Well, that's one that I never solved. When you're young and a guy and a guitar player it's hard not to want to just play something loud and fast. Took me years to find any sort of subtlety in my playing. It took years of reeducation via The Band, Harvest, This Mortal Coil, the Velvet Underground and side two of Exile On Main Street before I learned anything about timbre or dynamics (fuck you, those records are all related).

But years later, I'm still in the same pattern as far as finding someone like Liz or Gretchen and letting that be some sort of beacon to do more than I would otherwise; to try a little harder. Yeah, it's me being eager to please. But I'm usually a good enough judge of character that it all works out in the end.

 

IN THE J CHURCH LISTENING ROOM

A-FORMATIKONTACT CDR

An offshoot of Ausin's Attack Formation, Ben Webster has put his two cents in the post-rock, E music, nu new wave, kitty. While clearly in the vein if not direction of much of the mid-`90s Chicago scene, the post-Slint, electronic minstrels, A-Formatikontact benefits from a much more organic approach steeped in a tradition of DIY recording. In other words, its punk because it's got hiss all the fuck over it. Do you know what I mean?

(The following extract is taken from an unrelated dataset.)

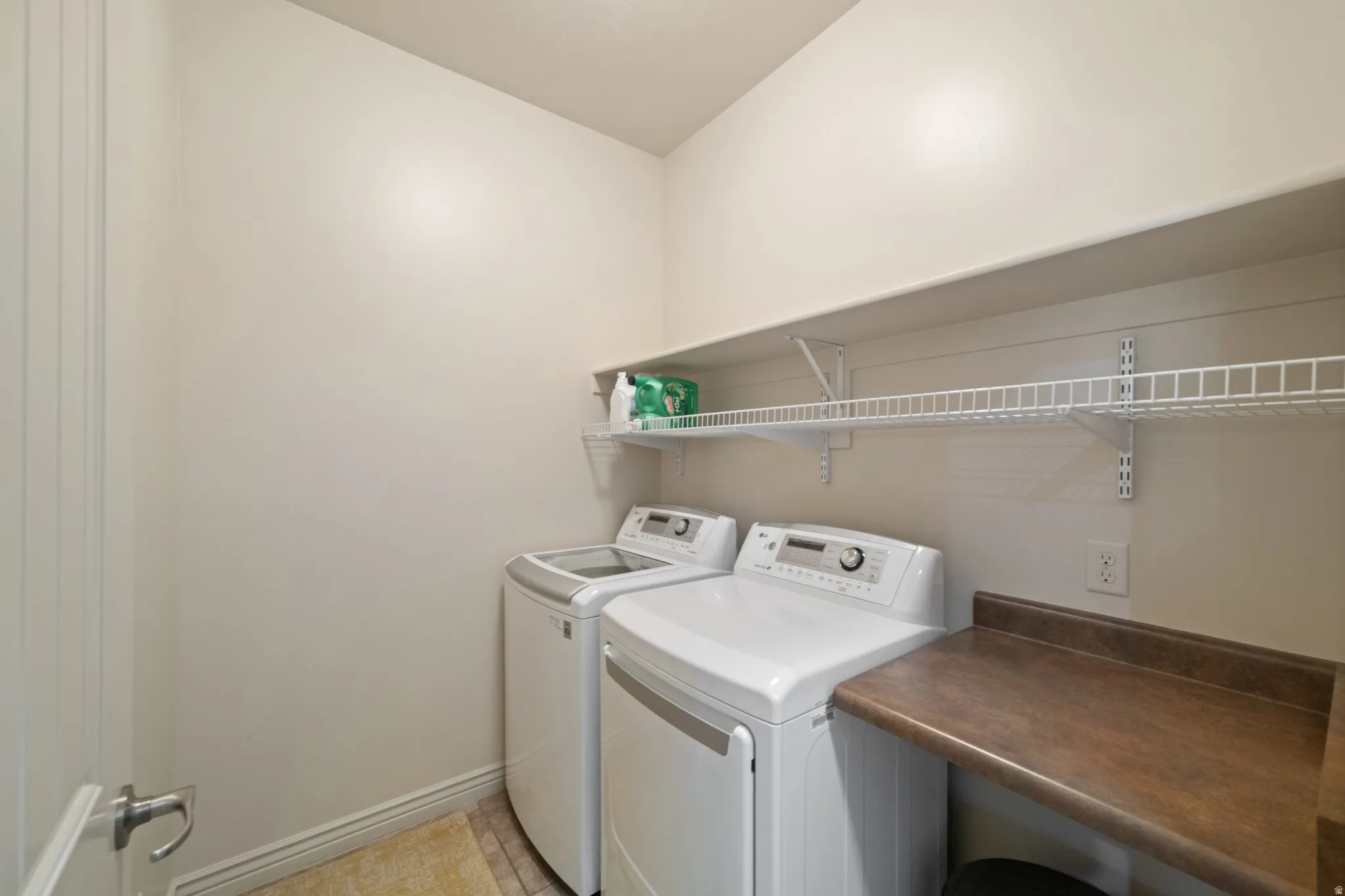 Laundry room featuring washer and clothes dryer and light tile patterned floors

Hiss is a fucking beautiful thing. It's what makes something as academic and distant as Xenakis seem like the Nation Of Ulysses or Crime. There are many factors you could research out and use to justify the genealogical connections between the music. But the main point is in your face. It's the hiss motherfucker.

A-Formatik's whistles and snaps are a noise field of light almost precious in its construction and certainly subtle in its performance. The recurring rhythms including those from the bass are both mesmerizing and propulsive. It could be said that the low fidelity of the recording muddles up the sounds layered on the foundation. But the chaos is what maintains the unease that is the band's strength.
(www.attackformation.org)

DILLINGER FOUR - Situationist Comedy LP

Jeez, this may be the punk album of the year. I can't stop listening to this record. Got a big parcel of nice gifts from Fat including the NOFX singles collection and the new No Use For A Name and while they are all very nice and more than enjoyable it's the Minneapolitans that I can't stop listening to.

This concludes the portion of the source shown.